Self Deprecating Humor’s Impact on Mental Health


Jenna Olson

Sophia Fleming ’21 uses self-deprecating humor daily.

Jenna Olson, Staff Writer

Over the past few years, much of society’s humor has evolved so that it centers around jokes made at a person’s own expense. Self-deprecating humor is currently at the height of its popularity. Whether it be comedy routines, advertisements, memes, or everyday conversations, it is everywhere. But what even is self-deprecating humor?.

Self-deprecating humor is defined as putting oneself down in a somewhat humorous way. Whether in the workplace, at school, or even on social media, self-deprecating humor seems to have become a cornerstone of our society’s humor. However, it may have some negative aspects that are often overlooked.

Self-deprecating humor tends to keep the mood light and makes the people around more comfortable. This type of humor also makes the joker seem modest and relatable. “We do not want to seem boastful and society uses humor to create connections,” school counselor, Erica Woods-Schmitz said.

Other people use self-deprecation as a way to receive compliments. The immediate response to hearing someone say that they are bad at something is often to reassure them that they are good at it. Some people take advantage of that instinct and use it as a confidence boost. 

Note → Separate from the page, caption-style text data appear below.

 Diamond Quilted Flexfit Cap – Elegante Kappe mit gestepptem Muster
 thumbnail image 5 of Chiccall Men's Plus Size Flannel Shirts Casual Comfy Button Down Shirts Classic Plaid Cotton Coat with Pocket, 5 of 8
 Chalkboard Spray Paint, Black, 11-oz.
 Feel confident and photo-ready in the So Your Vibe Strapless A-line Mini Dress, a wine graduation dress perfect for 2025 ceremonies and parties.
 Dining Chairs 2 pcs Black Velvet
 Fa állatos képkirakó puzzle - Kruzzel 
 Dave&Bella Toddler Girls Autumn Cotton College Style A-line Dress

Even if they are just jokes, self-deprecation affects the way people think about themselves. Lifeworks therapist Christopher Marks claims that self-deprecating humor can have negative effects on mental health. “Self-deprecating jokes can cause vulnerability, a sense of guilt, worthlessness, and it can affect their responsibility instinct,” Marks said. Self-deprecating humor goes too far when people do not know how to accept compliments, revert to jokes during serious conversations, and put up a front to keep people from helping with underlying issues.

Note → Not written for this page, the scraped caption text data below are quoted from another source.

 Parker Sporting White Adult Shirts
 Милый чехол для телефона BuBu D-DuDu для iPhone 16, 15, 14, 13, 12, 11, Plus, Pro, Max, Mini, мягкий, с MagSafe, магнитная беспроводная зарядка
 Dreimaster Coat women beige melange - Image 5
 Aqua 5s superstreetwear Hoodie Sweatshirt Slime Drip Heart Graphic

There is a difference between modesty and self-deprecation – modesty is admitting that there are some things one is not good at while accepting that those are balanced out by the things one is good at.

There are healthy ways of boosting one’s confidence and there are school-provided resources, at this website, available to those who feel that themselves or someone they know is using self-deprecating humor excessively. Essentially, while humor is often okay, excessively making fun of oneself may not be the way to achieve confidence or happiness.